The show is also about the healing, spiritual element of music – but
true to Springsteen's keen mind, it's far more than pandering
readings-from-the-Gospel-of-Rock fare. The spiritually satisfying
portions of the show are as much about what it means to seek release
through rock n' roll as they are about what it means to be a young
person yearning for freedom while remaining tethered to a hometown and
history. Some of the most transcendent parts of the show recount his joy
as 19-year-old kid, lying in the back of a truck bed as he speeds away
from Freehold, NJ. It's about the thrill of an unwritten future for an
unsatisfied American teen, and the irrepressible sense of freedom
engendered when you leave behind something small for something bigger.
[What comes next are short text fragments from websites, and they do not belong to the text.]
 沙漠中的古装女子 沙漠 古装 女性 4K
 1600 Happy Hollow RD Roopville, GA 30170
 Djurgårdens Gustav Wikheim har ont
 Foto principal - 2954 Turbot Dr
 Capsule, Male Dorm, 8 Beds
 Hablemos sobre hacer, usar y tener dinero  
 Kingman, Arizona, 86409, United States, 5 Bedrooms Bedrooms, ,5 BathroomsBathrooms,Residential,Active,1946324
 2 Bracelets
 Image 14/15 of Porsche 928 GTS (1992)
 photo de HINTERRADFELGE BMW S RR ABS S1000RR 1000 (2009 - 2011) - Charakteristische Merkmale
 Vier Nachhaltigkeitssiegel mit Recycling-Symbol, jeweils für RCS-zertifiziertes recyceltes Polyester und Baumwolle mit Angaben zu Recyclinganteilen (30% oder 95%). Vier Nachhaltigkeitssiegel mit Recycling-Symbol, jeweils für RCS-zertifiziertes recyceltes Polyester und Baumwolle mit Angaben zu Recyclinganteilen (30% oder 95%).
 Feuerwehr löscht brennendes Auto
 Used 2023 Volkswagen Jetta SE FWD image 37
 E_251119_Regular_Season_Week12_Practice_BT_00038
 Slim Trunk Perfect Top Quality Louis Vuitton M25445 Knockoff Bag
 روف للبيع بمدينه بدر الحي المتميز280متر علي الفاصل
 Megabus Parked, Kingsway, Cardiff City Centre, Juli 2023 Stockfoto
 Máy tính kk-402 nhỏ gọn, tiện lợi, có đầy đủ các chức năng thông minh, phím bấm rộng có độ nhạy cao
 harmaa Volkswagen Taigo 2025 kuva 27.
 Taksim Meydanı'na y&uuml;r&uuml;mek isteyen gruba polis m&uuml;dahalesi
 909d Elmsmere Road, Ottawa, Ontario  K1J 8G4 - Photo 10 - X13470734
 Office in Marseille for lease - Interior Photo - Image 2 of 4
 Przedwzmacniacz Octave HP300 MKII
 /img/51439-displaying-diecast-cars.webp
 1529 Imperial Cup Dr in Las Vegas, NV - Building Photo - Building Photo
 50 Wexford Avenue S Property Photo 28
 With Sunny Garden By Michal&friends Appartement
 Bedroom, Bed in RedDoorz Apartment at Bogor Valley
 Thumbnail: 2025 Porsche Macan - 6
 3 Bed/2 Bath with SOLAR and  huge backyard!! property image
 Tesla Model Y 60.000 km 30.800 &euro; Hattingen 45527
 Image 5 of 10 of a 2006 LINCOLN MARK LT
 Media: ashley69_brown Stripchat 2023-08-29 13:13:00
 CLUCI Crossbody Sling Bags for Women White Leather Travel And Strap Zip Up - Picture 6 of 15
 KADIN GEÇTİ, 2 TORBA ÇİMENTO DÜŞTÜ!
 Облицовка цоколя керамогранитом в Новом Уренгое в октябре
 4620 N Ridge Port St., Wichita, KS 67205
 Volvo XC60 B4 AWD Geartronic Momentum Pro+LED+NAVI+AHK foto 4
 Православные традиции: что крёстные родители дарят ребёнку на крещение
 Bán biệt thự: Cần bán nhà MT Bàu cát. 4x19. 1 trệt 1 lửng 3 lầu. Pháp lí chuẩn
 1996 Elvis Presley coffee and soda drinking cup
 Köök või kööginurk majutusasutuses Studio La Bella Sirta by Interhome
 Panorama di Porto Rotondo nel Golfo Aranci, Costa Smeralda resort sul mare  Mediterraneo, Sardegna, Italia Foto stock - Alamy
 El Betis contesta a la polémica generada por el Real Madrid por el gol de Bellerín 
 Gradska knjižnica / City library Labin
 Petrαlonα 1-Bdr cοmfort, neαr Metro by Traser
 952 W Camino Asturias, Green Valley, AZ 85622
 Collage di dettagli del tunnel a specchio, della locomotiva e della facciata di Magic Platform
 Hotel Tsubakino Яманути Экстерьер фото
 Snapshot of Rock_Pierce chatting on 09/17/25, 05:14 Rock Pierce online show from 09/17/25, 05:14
But unlike most rock stars who fled small towns or suburbs and adopted a
worldlier public persona, Springsteen has made exploring that world his
life's work. And that's what's so satisfying about the show – it
encapsulates the unresolved spiritual tug-of-war in his music, one that
finds him oscillating between blowing out of a town full of losers in
one song ("Thunder Road") and celebrating the small-time circle of life
with Sherwood Anderson-esque attention to detail in another ("My
Hometown").
Caught between pursuing his dreams and honoring his
roots, Springsteen has always managed a delicate magic trick throughout
his career, and he's rarely faltered. But some of the Boss' artistic
achievements soar higher than others, and five months after debuting, Springsteen on Broadway stands as one of the most fascinating, invigorating and emotionally nuanced entries in his creative catalog.